:: Records to process ::
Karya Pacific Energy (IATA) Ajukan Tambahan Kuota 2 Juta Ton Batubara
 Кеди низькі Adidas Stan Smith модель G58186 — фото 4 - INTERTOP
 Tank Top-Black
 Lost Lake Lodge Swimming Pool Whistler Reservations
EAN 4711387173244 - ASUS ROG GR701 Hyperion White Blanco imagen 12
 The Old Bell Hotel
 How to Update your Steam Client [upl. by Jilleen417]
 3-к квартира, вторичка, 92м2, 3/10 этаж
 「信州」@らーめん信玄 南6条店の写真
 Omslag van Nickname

:: Action item ::
An accurate, complete transcription of the records above is needed.

:: Exercise answer ::
Karya Pacific Energy (IATA) Ajukan Tambahan Kuota 2 Juta Ton Batubara
 Кеди низькі Adidas Stan Smith модель G58186 — фото 4 - INTERTOP
 Tank Top-Black
 Lost Lake Lodge Swimming Pool Whistler Reservations
EAN 4711387173244 - ASUS ROG GR701 Hyperion White Blanco imagen 12
 The Old Bell Hotel
 How to Update your Steam Client [upl. by Jilleen417]
 3-к квартира, вторичка, 92м2, 3/10 этаж
 「信州」@らーめん信玄 南6条店の写真
 Omslag van Nickname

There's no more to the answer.